Monday, November 13, 2006

The Two Foot Rule

Let’s face it. Architecture hinges on taste. We try to argue, try to rationalize, but really, if you like something, you like it, regardless of the reasons.

The problem with acknowledging this simple fact is this: how do you differentiate between “good” or “bad”? What makes one project note-worthy while another languishes in obscurity? And, as a student, the biggest question on your mind: how does your professor really evaluate your project?

Each semester, every studio professor felt it necessary to outline their grading process. And of course they would; the reality is, as students first and foremost, our grades were a priority. We saw grades as concrete evaluations of our potential success or failure as a would-be architecture professional. Even if our professors tried to tell us otherwise.

After the first couple of times, you realized that the same thing was being said semester after semester. It was specific enough to make you feel like, yes, this time, you had a chance, but generic enough for the professor to do whatever the hell she or he wanted. And, without a doubt, every professor included the line that always mollified any student:

“I regard the process as much as the product.”

Each semester I hoped that, this time, things would be as described - that the work leading to the final product would guide the evaluation. But, inevitably, when the end would come, there was a nagging sense that, well, it wasn’t so important. That, instead, the professor’s own tastes weighed in.
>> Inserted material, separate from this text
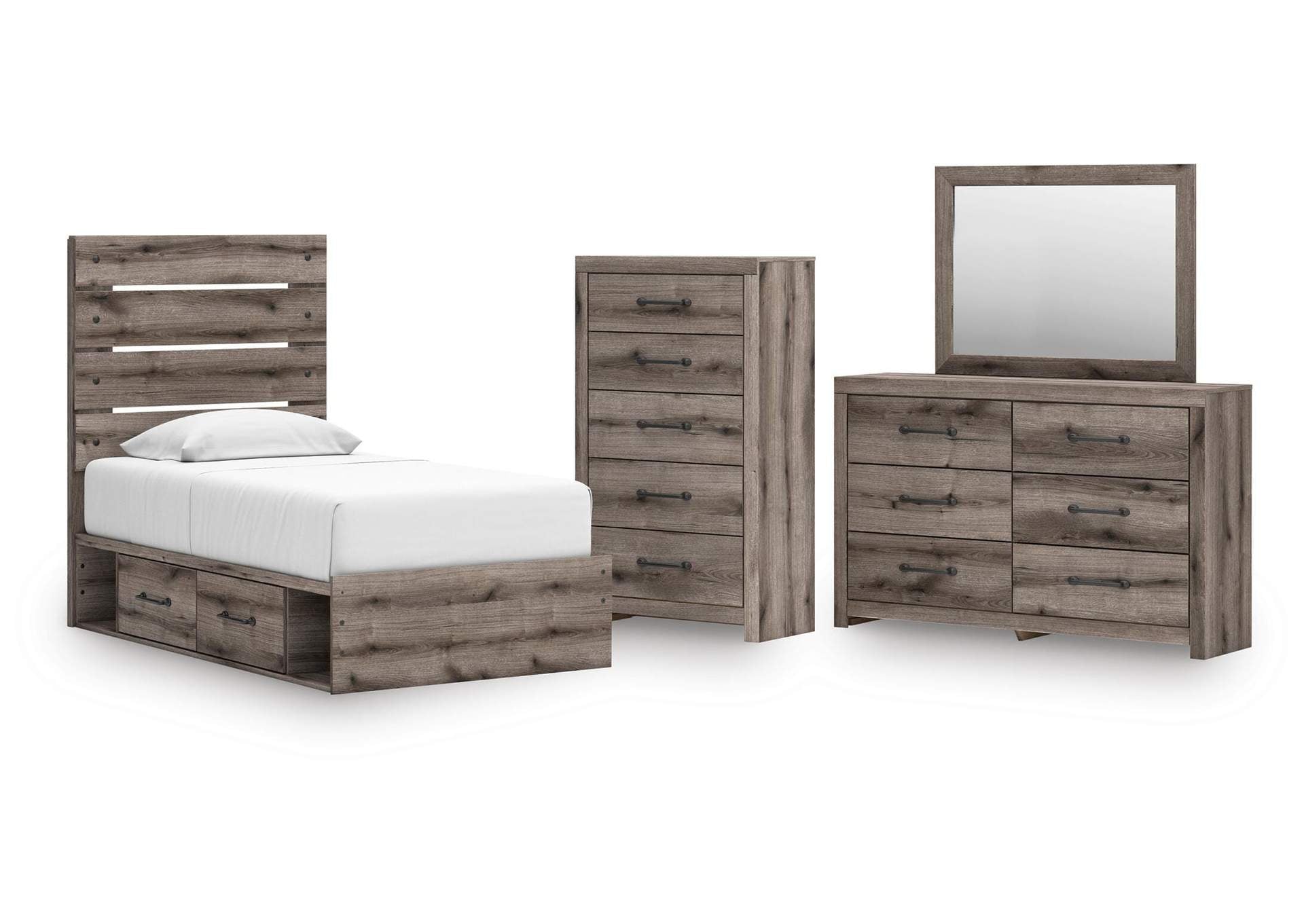 Urbanoore Twin Panel Storage Bed, Dresser, Mirror and Chest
Not surprising, but, if the professor has been around long enough, he or she developed a reputation; passed from one class to another, the myth of the professor could be heeded or ignored, depending on how confident you are in your abilities. When I first got to school, I thought I could ignore the myth. I believed that hard work would be the equalizer, would compensate for any discrepancies between my design talent and those of other classmates. I learned I was wrong.
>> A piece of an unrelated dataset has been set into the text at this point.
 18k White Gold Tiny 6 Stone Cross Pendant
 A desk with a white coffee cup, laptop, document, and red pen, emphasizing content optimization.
So, the following semesters were approached with more caution, greater attention to those myths I so cavalierly ignored. This time I listened, hoping for tips that might find me safe passage to the glorious land of good grades. This time, I heeded the words of my elders.

Second year was filled with mythic school figures, professors whose reputations were legendary. My fall semester studio professor was no exception. A figure whose cultish status polarized many, this particular professor had a number of, let’s call them, aesthetic preferences that, according to older students, were looked on with particular favor. Of the ones I remembered: the inside/outside rule, the implementation of phenomenal transparency, and the one that struck me as most intriguing, the rule of the two foot square.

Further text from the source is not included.